De resto, quem estiver procurando beleza física na Olimpíada
tem muitas razões para se decepcionar. A técnica esportiva se especializou tanto que são raras as
modalidades capazes de embelezar o corpo humano: topo com jogadoras de basquete horrendas,
com levantadores de peso disformes, com triatletas roídos no próprio esforço.
Mesmo as adolescentes especializadas em ginástica olímpica
não são "bonitas", muito menos
"excitantes". Num mundo excitável ao extremo, o milagre das
Olimpíadas está em tornar desinteressante, do ponto de vista sexual, o corpo humano.
Fixamo-nos nas proezas corporais da pequena atleta que, como
um inseto de carne, pula sobre o
cavalete com perfeição. Não sou
-e imagino que o leitor tampouco seja- tarado ao ponto de extrair da cena algum prurido genital.
Pois bem -nisso está o segredo
da estética esportiva: o fato de
nosso olhar, como preconizava o
velho Kant, obter prazer sem fisiologismo, sem pretender imediatamente uma compensação
corporal.
Nisso está a nobreza estética do
esporte -algo que vai além da
emoção do torcedor e da atração
física do "voyeur". Talvez o espetáculo esportivo seja o verdadeiro
substituto da arte para as massas.
Noto alguns aspectos que fazem
do esporte um acontecimento estético.
1) Há beleza no fato de um corpo humano vencer tudo o que o
arrasta rumo à inatividade, à
inércia, à preguiça.

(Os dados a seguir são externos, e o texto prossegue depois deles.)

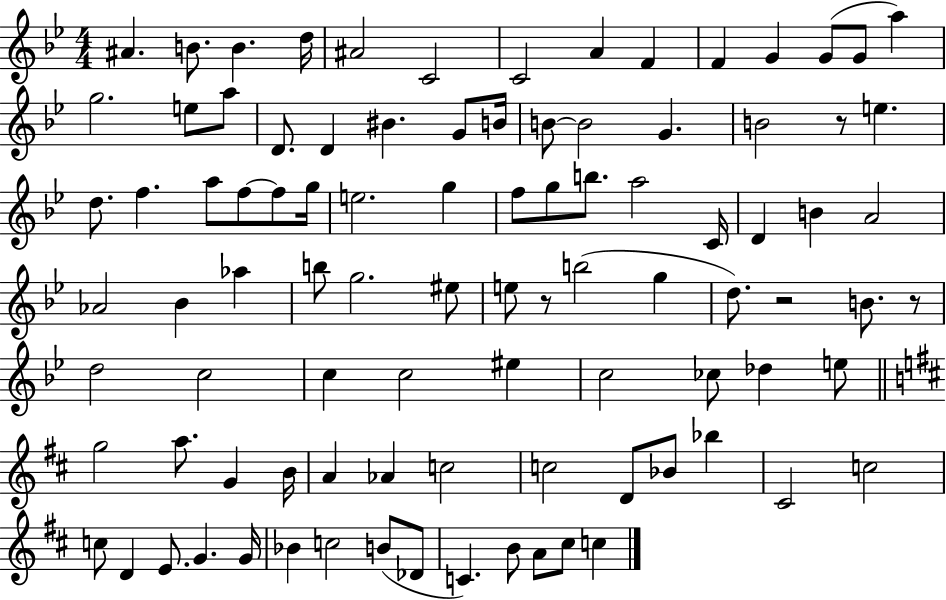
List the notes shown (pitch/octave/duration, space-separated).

A#4/q. B4/e. B4/q. D5/s A#4/h C4/h C4/h A4/q F4/q F4/q G4/q G4/e G4/e A5/q G5/h. E5/e A5/e D4/e. D4/q BIS4/q. G4/e B4/s B4/e B4/h G4/q. B4/h R/e E5/q. D5/e. F5/q. A5/e F5/e F5/e G5/s E5/h. G5/q F5/e G5/e B5/e. A5/h C4/s D4/q B4/q A4/h Ab4/h Bb4/q Ab5/q B5/e G5/h. EIS5/e E5/e R/e B5/h G5/q D5/e. R/h B4/e. R/e D5/h C5/h C5/q C5/h EIS5/q C5/h CES5/e Db5/q E5/e G5/h A5/e. G4/q B4/s A4/q Ab4/q C5/h C5/h D4/e Bb4/e Bb5/q C#4/h C5/h C5/e D4/q E4/e. G4/q. G4/s Bb4/q C5/h B4/e Db4/e C4/q. B4/e A4/e C#5/e C5/q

Quando um
atleta salta dois metros acima do
normal, vemos uma vitória sobre
a matéria, sobre a gravidade. É a
mesma coisa que nos encanta na
dança, na arquitetura.
2) Há beleza quando, num único gesto, num único lance, decide-se uma partida. O gol do craque, a
cesta de Janeth, são mais do que
uma jogada excepcional. Seu poder estético está no fato de resumirem, num gesto, toda a luta
que víamos ser desencadeada ao
longo da partida. Um momento
dramático funciona como resumo do que estava acontecendo. É
o mesmo processo que nos cativa
no teatro, na ópera: a narração
épica se concentra num instante
extremamente expressivo.
3) Há beleza quando sabemos
que todo aquele esforço olímpico
se concentra, no fundo, em torno
de uma frivolidade, de um nada:
que interessa quebrar um recorde
medido em meio centímetro, em
meio segundo? A frivolidade do
esforço tem, na verdade, um aspecto moral. Representa a capacidade humana de lutar por valores, não por interesses. É o que
produz em nós uma empatia superior ao simples patriotismo, à
simples torcida.
Três aspectos, portanto, capazes
de me reconciliar com a Olimpíada. Continuo ainda sem querer
ver os Jogos pela TV. Mas a estética da coisa tem qualidades -e
todo esporte, no fundo, é estética
para as massas- que seria desonesto ignorar.